Not knowing your exact budget will make it hard, but let's stick to around $200, shall we? For $200 you could get yourself a pretty decent graphics card, something that would be faster than your current EVGA GeForce GTX 460 card.
NewEgg offers EVGA's SuperClocked 2GB GeForce GTX 660 card for $229.99, alternatively, you can get a HIS Radeon HD 7870 GHz Edition for $229.99.
Both cards would use less power, be quieter, and run much cooler than your Fermi architecture-based GPU. I hope this has helped your decision!
Is a GeForce GTX 670 enough for a good gaming experience at 2560x1440 or do I need to step up to a Radeon HD 7970 or higher?
At 2560x1440 (and higher) the amount of memory on the card becomes a valuable asset in most games, so starting from the 2GB GeForce GTX 670 is a good start.
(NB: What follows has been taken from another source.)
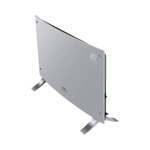Vitroconvector Peabody PE-VQM20B 2000W Curvo Mecanico - Blanco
If you were to crank up the anti-aliasing to 8-16x, you might find that 2GB of RAM a bit restrictive.
But, personally, I find at high resolutions like 2560x1440, the effects of anti-aliasing are not as strong as the game is being rendered at an already high resolution. So, a single GeForce GTX 670 should be absolutely fine for today's games. Tomorrow's games, that's a different question.
I would still recommend sticking to the single GTX 670, but maybe take a look at an overclocked card from ASUS or MSI - as their offerings are really kick ass. You could upgrade to the Radeon HD 7970 - but the performance increase isn't going to be that big, and NVIDIA (personally speaking) generally have better driver and game support.
On NewEgg's website, the ASUS 4GB GeForce GTX670 is only $40 more than the 2GB - so that could be another option for you.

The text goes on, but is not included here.